Pogge hat mit Kollegen 2015 die Oslo-Grundsätze veröffentlicht. Sie zeigen die rechtlichen Verpflichtungen von Staaten und Unternehmen auf, effektive Maßnahmen gegen den Klimawandel zu ergreifen. Pogge: "Klar ist, dass der Klimawandel schon heute und erst recht in der Zukunft große Schäden verursacht. Unklar ist, wie man die Verantwortung für diese Schäden unter den Schädigern aufteilt. Offensichtliches Unrecht wäre es, diese Unklarheit zu Lasten der Geschädigten auszulegen, so dass jeder weiterhin unbegrenzt Treibhausgase in die Atmosphäre geben und dadurch frühzeitige Todesfälle, ernste Erkrankungen und Milliardenschäden verursachen darf. Also müssen Juristen die plausibelste Interpretation von bestehendem Recht, Präzedenzfällen und Opinio Juris finden. Eine Interpreta- tion, die klarstellt, welche rechtlichen Pflichten die Akteure haben. Genau das haben wir getan."

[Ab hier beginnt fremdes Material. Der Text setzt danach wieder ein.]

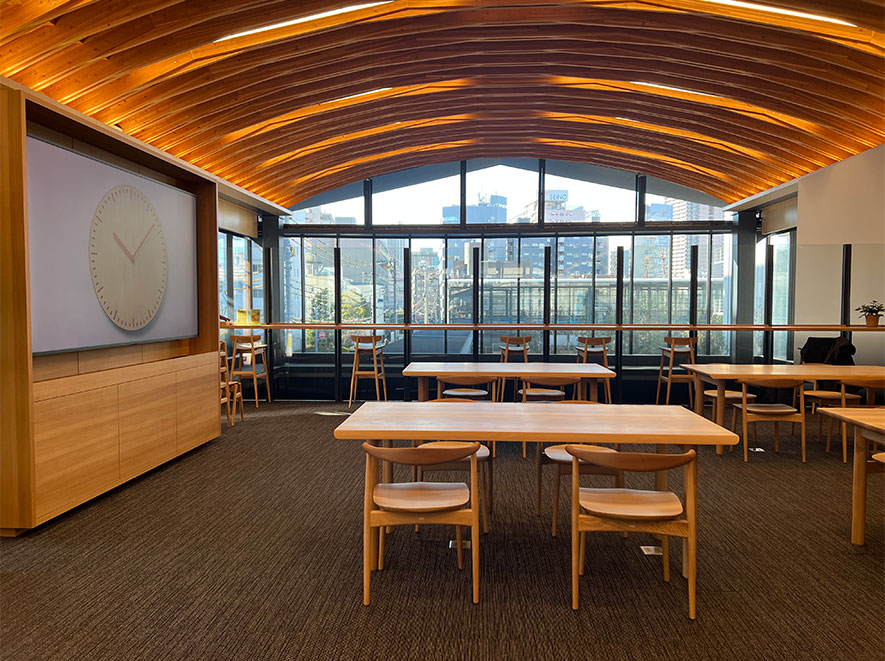 打ち合わせスペースに設置された広スポーツベット サッカー 夏の家具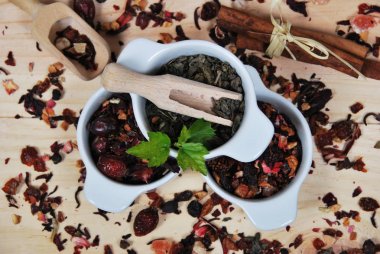 Seramik beyaz kaplarda, yeşil çay farklı türde kurutulmuş 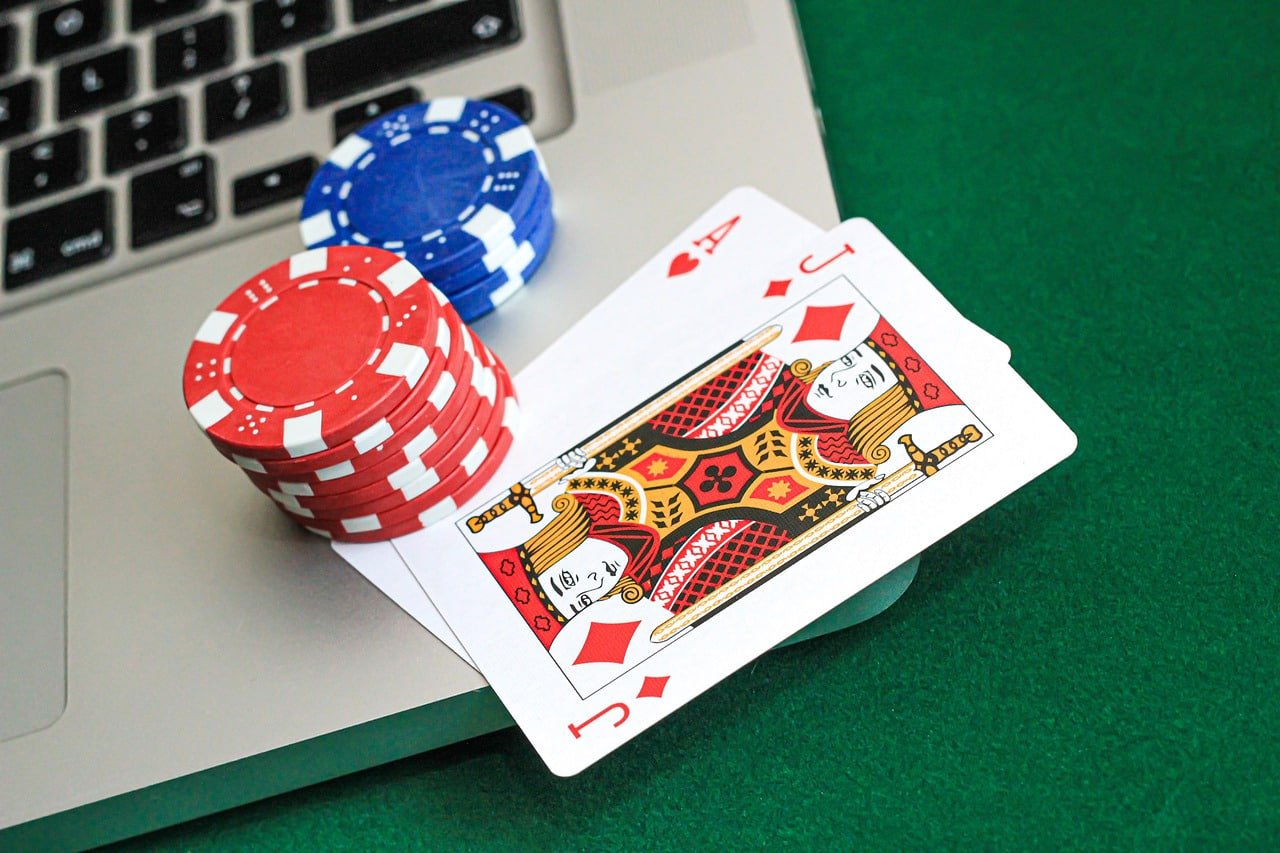 Ilustrasi komitmen responsible gaming di platform hiburan digital danaqq di Indonesia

Was bedeuten Klimaklagen für den globalen Klimaschutz? Beschleunigen sie das Entstehen ressourcenschonenderer Wirtschaften? Pogge: "Klimaklagen motivieren die Schädiger, in ihren Entscheidungen auch die von ihnen verursachten Schäden mit einzubeziehen, egal, wen diese betreffen." Freisetzung von Treibhausgasen sei ja keine Entsorgung, die Sorgen würden nur anderen aufgebürdet. Nach dem Motto: Wir, die Industrieländer, sind die Abgase los, und in Bangladesh gibt es Naturkatastrophen und versalzenes Grundwasser.
Pogge hält es für Unrecht, sich so auf Kosten anderer das Leben leicht zu machen. Er vergleicht es mit einer Spazierfahrt übers Land, die jemand zum Spaß unternimmt. Die Abgase der Fahrt produzieren insgesamt mehr Schaden als Nutzen. Aber den Nutzen hat der Fahrer allein, und vom Schaden bekommt er nur 0,000000014 Prozent ab. Also macht er weiter, und alle anderen auch. Am Ende ergehe es allen schlechter, als wenn der Schaden voll berücksichtigt worden wäre.
Es sei eine klassische Aufgabe des Rechts, durch Regeln und Sanktionen das individuell optimale Handeln mit dem kollektiv optimalen Handeln in Einklang zu bringen. Das Recht soll, kantisch gesprochen, die Freiheit eines jeden so einschränken, dass sie mit der gleichen Freiheit jedes anderen vereinbar ist, so Pogge. Die Oslo-Grundsätze interpretieren bestehendes Recht, so dass es dieser Aufgabe gerecht wird.
Gerichtliche Hilfe
Parlamente und Regierungen bleiben die zentralen Orte für Klimaschutz, meint Meyer-Ohlendorf, aber Gerichte können die Bemühungen unterstützen. Wie beim Vorgehen gegen die US-Tabakindustrie. Richterliche Urteile haben da eine wichtige Rolle gespielt. Wobei beim Rauchen die Kausalitäten einfacher sind als bei Treibhausgasemissionen, merkt der Völkerrechtler an. Einen Hebel für Klimaschutz sieht er im Aktienrecht. Da hätten Richter zumeist klare Regeln, nach denen sie urteilen können. In den USA laufen derzeit staatsanwaltliche Ermittlungen gegen den Ölriesen Exxon. Der hat möglicherweise die Rechte von Aktionären verletzt: Dass aus der Erwärmung die Notwendigkeit erwächst, fossile Brennstoffe zu vermeiden, verschwieg man nach Meinung der Staatsanwaltschaft den Anlegern.
Hier sieht Meyer-Ohlendorf eine mögliche Grundlage für Schadensersatzansprüche. Aktionäre können sich darauf berufen, dass die gekauften Aktien weniger wert sind, als nach den Darstellungen Exxons anzunehmen war. Der Völkerrechtler erklärt: "Investoren ziehen sich eher zurück, wenn sie die vollen finanziellen Risiken ihrer Investition besser verstehen. Öl, Gas und Kohlefirmen müssen höhere Rücklagen für Ansprüche ihrer Aktionäre bilden, was das existierende Geschäftsmodell unattraktiver macht."